CHAINE ALARABETV
De l’Afrique du Nord au monde sahélien, l’espace apparaît comme découpé en bandes nord-sud. L’histoire de la région s’est écrite le long de ces grands axes dans des phénomènes de longue durée qui constituent l’arrière-plan des actuelles crises régionales. En effet, le Sahara ne fut jamais une barrière, ses deux rives étant directement reliées par deux grands espaces de contact à savoir l’axe Maroc-Sahel occidental (Fès-Tombouctou), et l’axe Libye-Tchad (Tripoli-Abéché et Tripoli-Zinder-Kano), selon une chronique de Bernard Lugan , reproduite par le site 360.
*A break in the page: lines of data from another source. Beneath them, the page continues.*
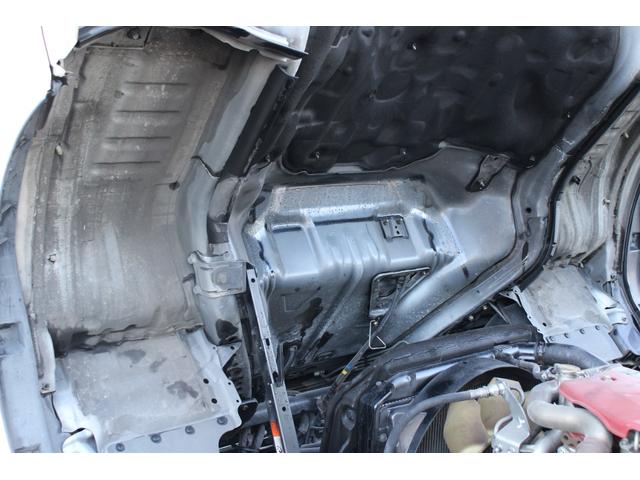 デュトロ ワイド　プレス式　パッカー車　２．５５ｔ積載　８．４立米　新明和ＧＴ０８３－５６３３ＰＮＴ　連続スイッチ　汚水タンク　Ｂモニター　電格ミラー　メッキグリル　フォグ　箱上キャリア　サイドラダー　車両総重量７９７５ｋｇ　荷台内寸４８６６－２０１７－１５６８（17枚目）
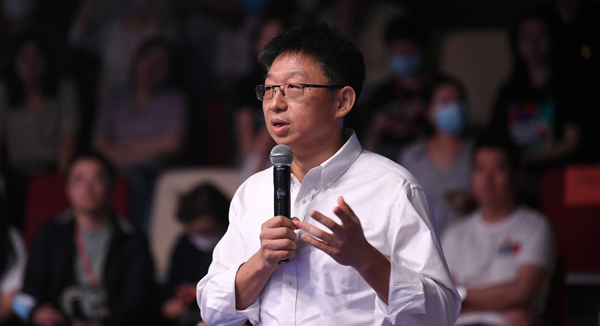 �ڶ���ح�乾�Ļ��Ƽ����޹�˾�hί��ӛ�������L������(j��ng)�� ���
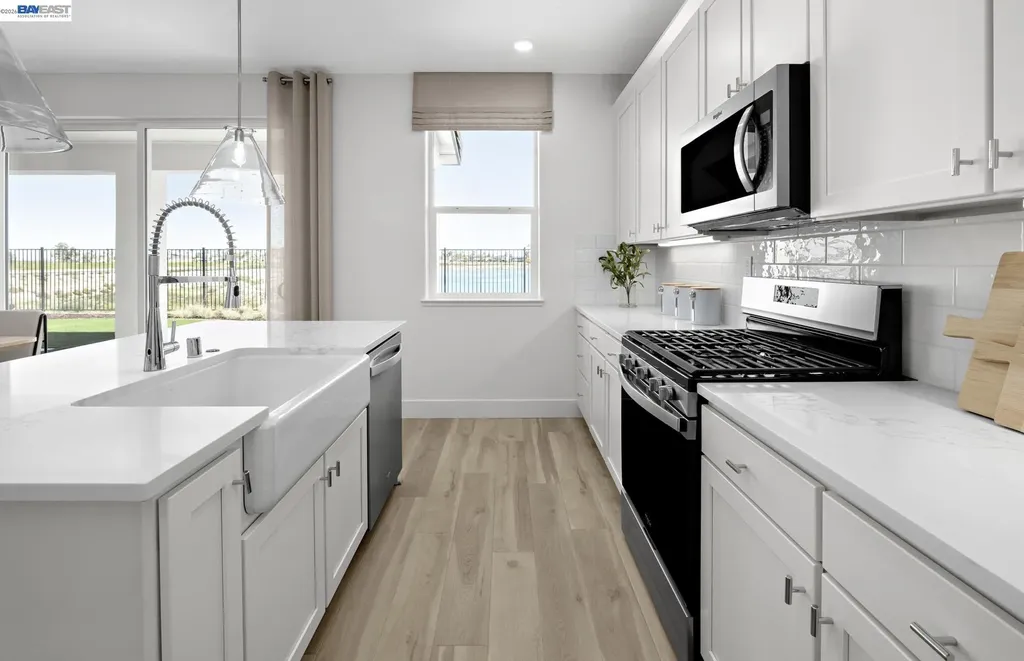 534 Lee Loop Discovery Bay CA 94505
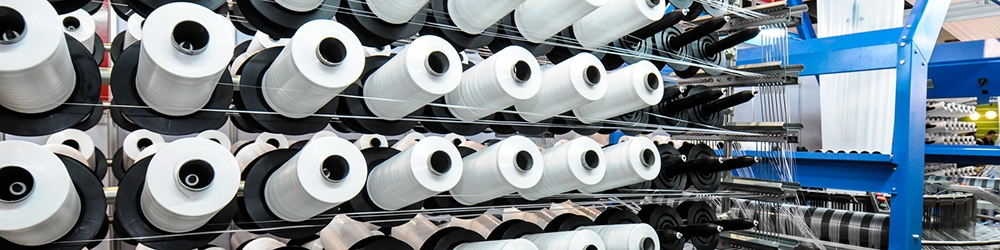 در واردات برندهای خارجی تعجیل نکنیم/ مبارزه با قاچاق با تسامح امکان‌پذیر نیست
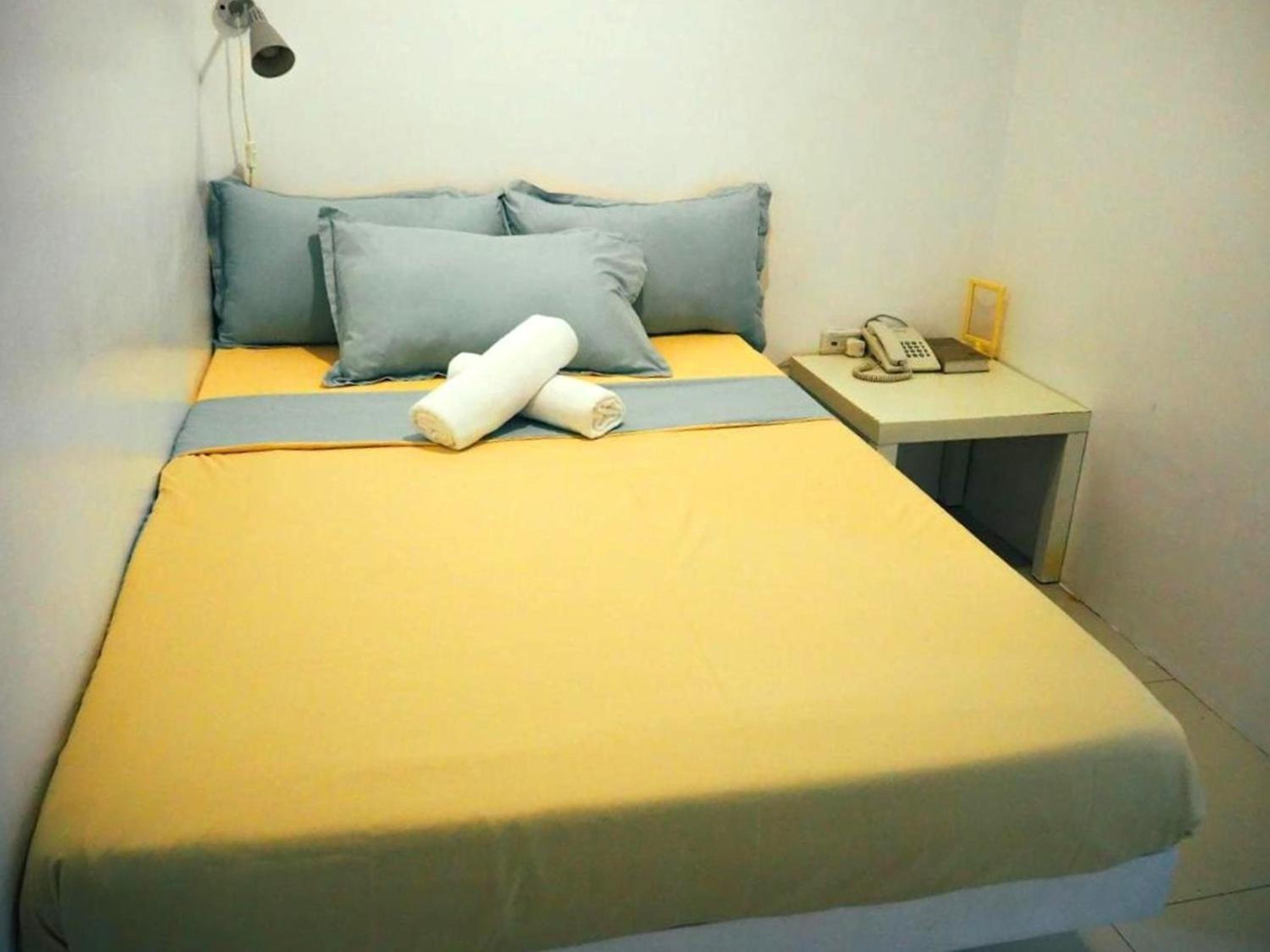 Budget Double Room - Photo 1
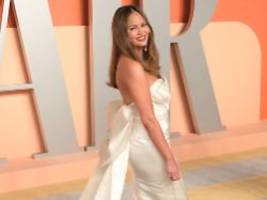 bin extrem gereizt: chrissy teigen hört zum letzten mal mit dem rauchen auf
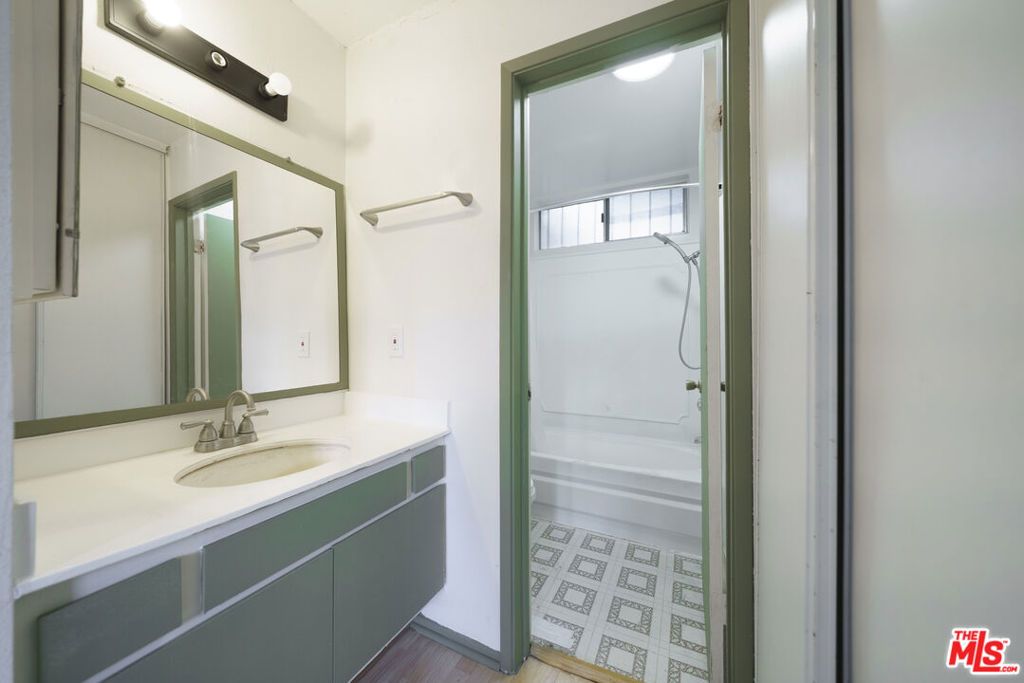 Image 13 of property listing at 210 S La Fayette Park Place 102, Los Angeles, CA 90057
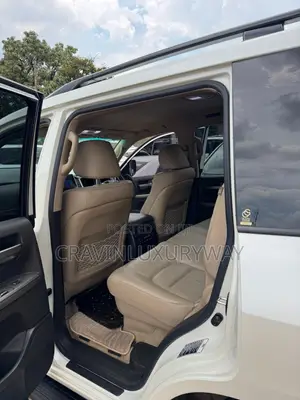 Landcruiser V8 Available for Hire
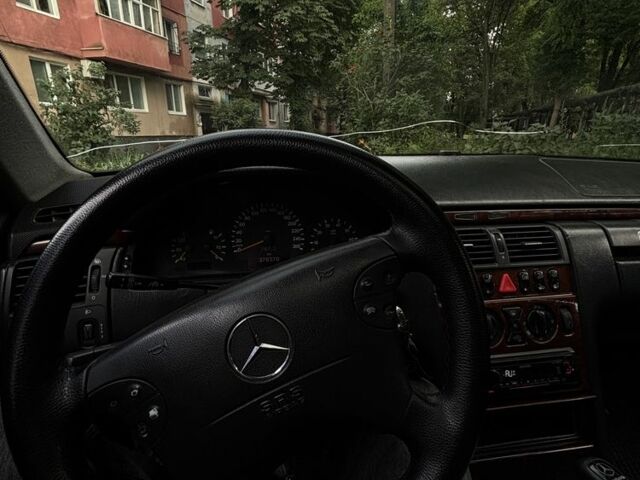 Черный Мерседес 320, объемом двигателя 3.2 л и пробегом 380 тыс. км за 4200 $, фото 3 на Automoto.ua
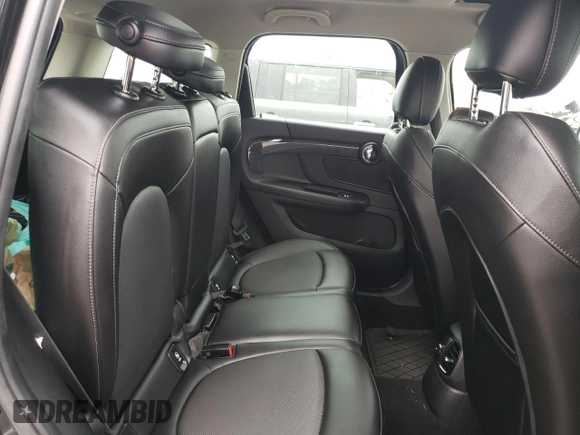 2018 MINI Countryman Cooper S z VIN WMZYT3C30J3E00127, wystawiony jako Copart lot #80122944 z przebiegiem 87 121 mil mil oraz Szkody całkowita. Historia ofert i sprzedaży dostępna na DreamBid. Obrazek 10.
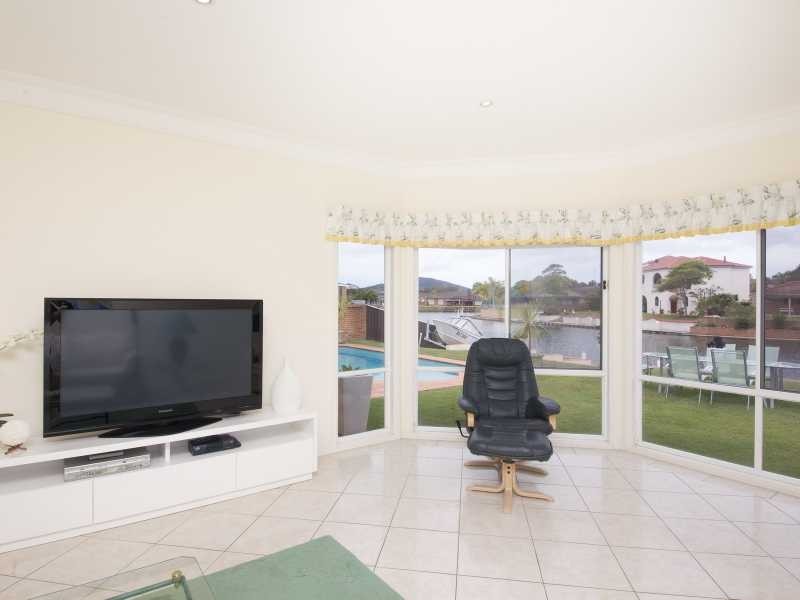24 Supply Avenue, Forster NSW 2428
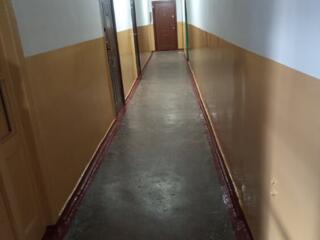 2 комнатная Кировский баня 2/4 не угловая. Нужен ремонт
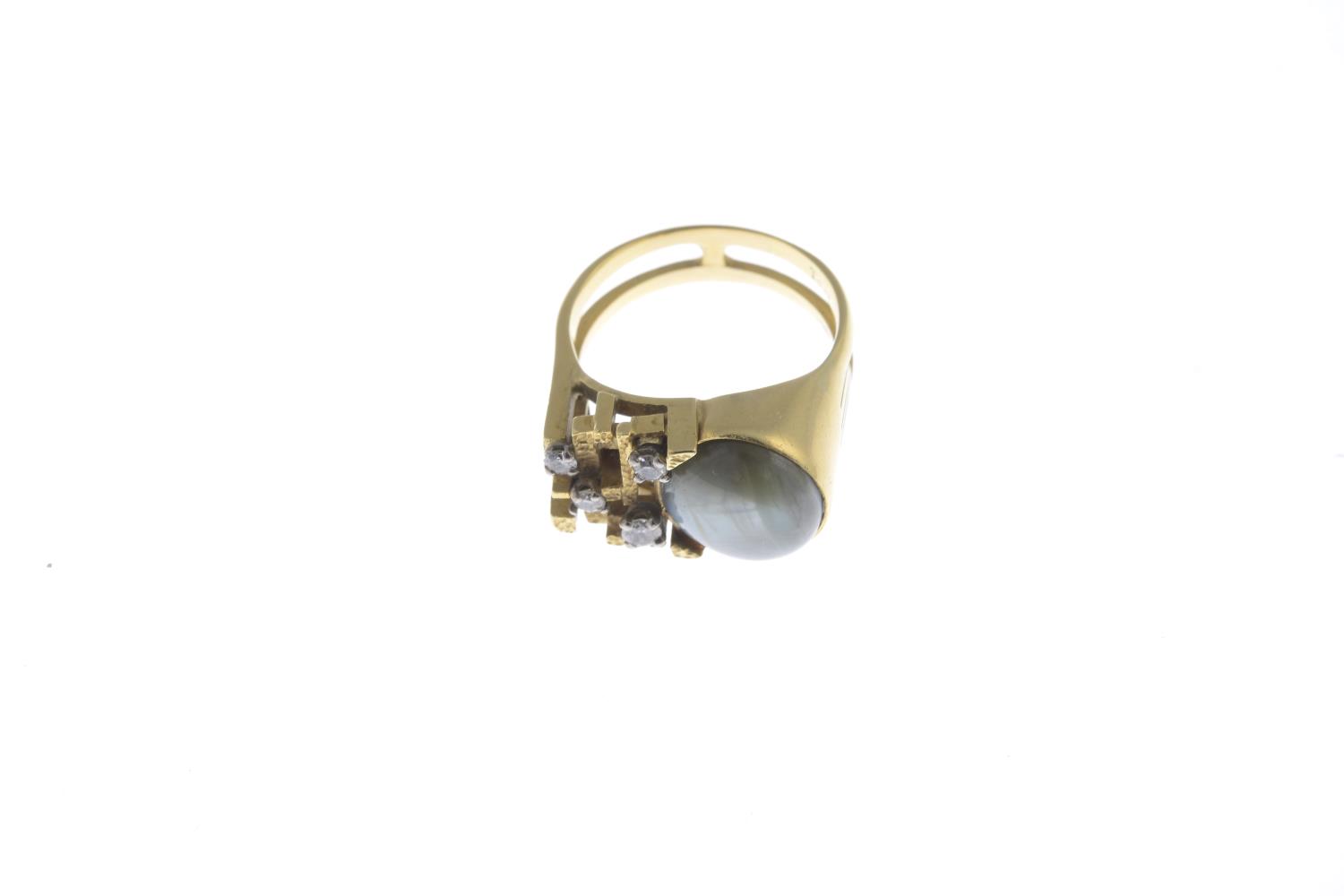 A chrysoberyl and diamond dress ring. - Image 3 of 3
Dans la partie nord-ouest de l’Afrique, les relations à travers le Sahara étaient traditionnellement axées sur le Maroc en raison de la profondeur historique et de la permanence de cet Etat. De fait, et nous l’avons déjà vu dans une précédente chronique, les liens entre le Maroc et l’Afrique sud saharienne remontent à la dynastie des Almoravides, qui, au XIe siècle, créèrent le Grand Maroc, lequel s’étendait du fleuve Sénégal jusqu’au centre de l’Espagne. Plus tard, sous la dynastie des Saadiens (1554-1650), le Maroc domina toute la région, boucle du Niger incluse.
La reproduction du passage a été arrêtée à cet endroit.